How Subrogation Works

This is where subrogation comes in. It is the method that an insurance company uses to claim payment when it pays out a claim that turned out not to be its responsibility. Some insurance firms have in-house property damage lawyers and personal injury attorneys, or a department dedicated to subrogation; others contract with a law firm. Ordinarily, only you can sue for damages to your person or property. But under subrogation law, your insurer is extended some of your rights in exchange for making good on the damages. It can go after the money that was originally due to you, because it has covered the amount already.

Why Should I Care?

For a start, if your insurance policy stipulated a deductible, your insurer wasn't the only one that had to pay. In a $10,000 accident with a $1,000 deductible, you lost some money too – namely, $1,000. If your insurance company is unconcerned with pursuing subrogation even when it is entitled, it might opt to recoup its expenses by increasing your premiums and call it a day. On the other hand, if it has a competent legal team and pursues them efficiently, it is acting both in its own interests and in yours. If all is recovered, you will get your full thousand-dollar deductible back. If it recovers half (for instance, in a case where you are found 50 percent to blame), you'll typically get $500 back, based on the laws in most states.

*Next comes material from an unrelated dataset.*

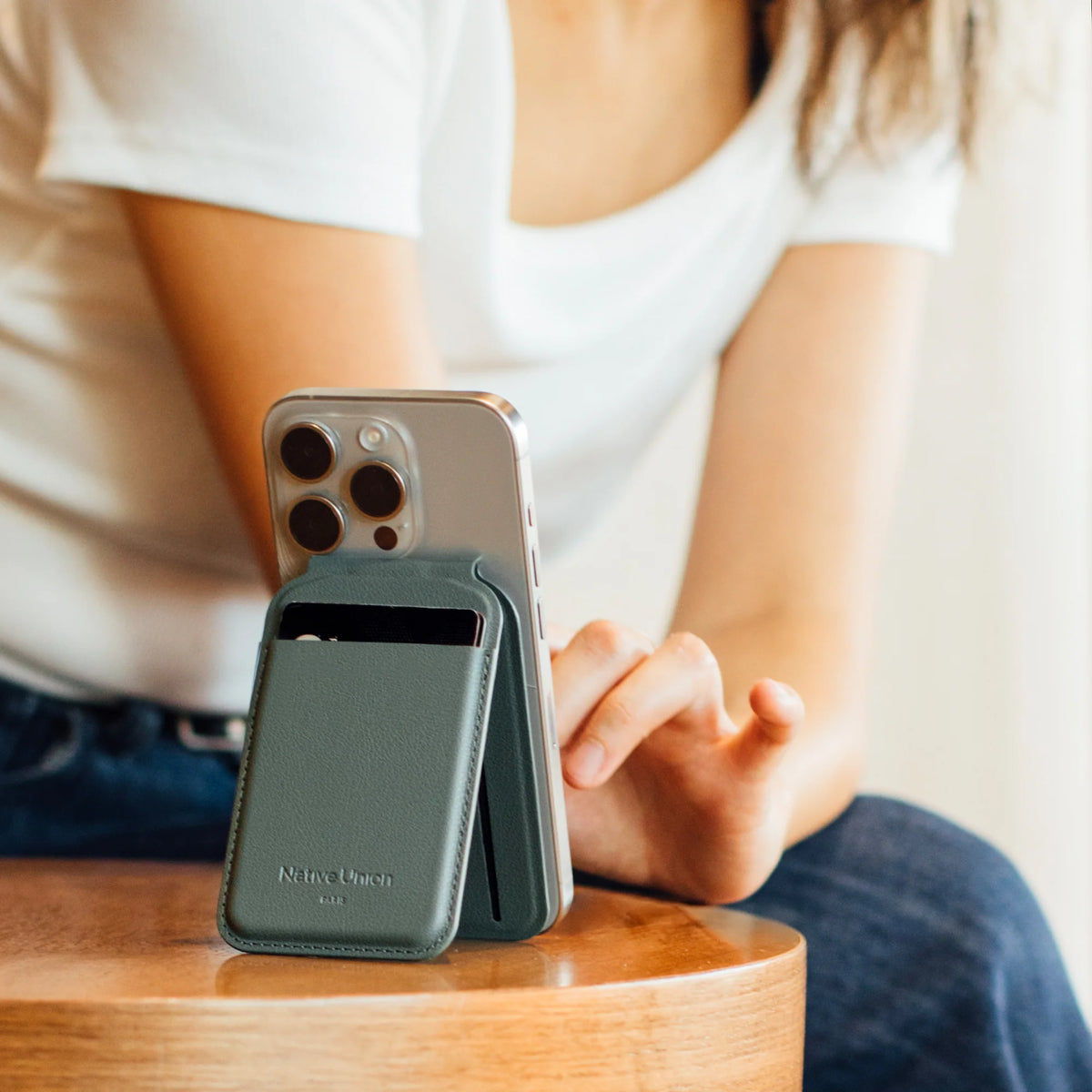 Native Union Active Wallet Stand - Vert ardoise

In addition, if the total expense of an accident is over your maximum coverage amount, you could be in for a stiff bill. If your insurance company or its property damage lawyers, such as Auto accident Attorney in Mableton, Ga, pursue subrogation and succeeds, it will recover your losses in addition to its own.

All insurers are not created equal. When comparing, it's worth measuring the records of competing firms to evaluate whether they pursue valid subrogation claims; if they do so with some expediency; if they keep their accountholders informed as the case goes on; and if they then process successfully won reimbursements right away so that you can get your deductible back and move on with your life. If, instead, an insurer has a record of paying out claims that aren't its responsibility and then safeguarding its income by raising your premiums, even attractive rates won't outweigh the eventual headache.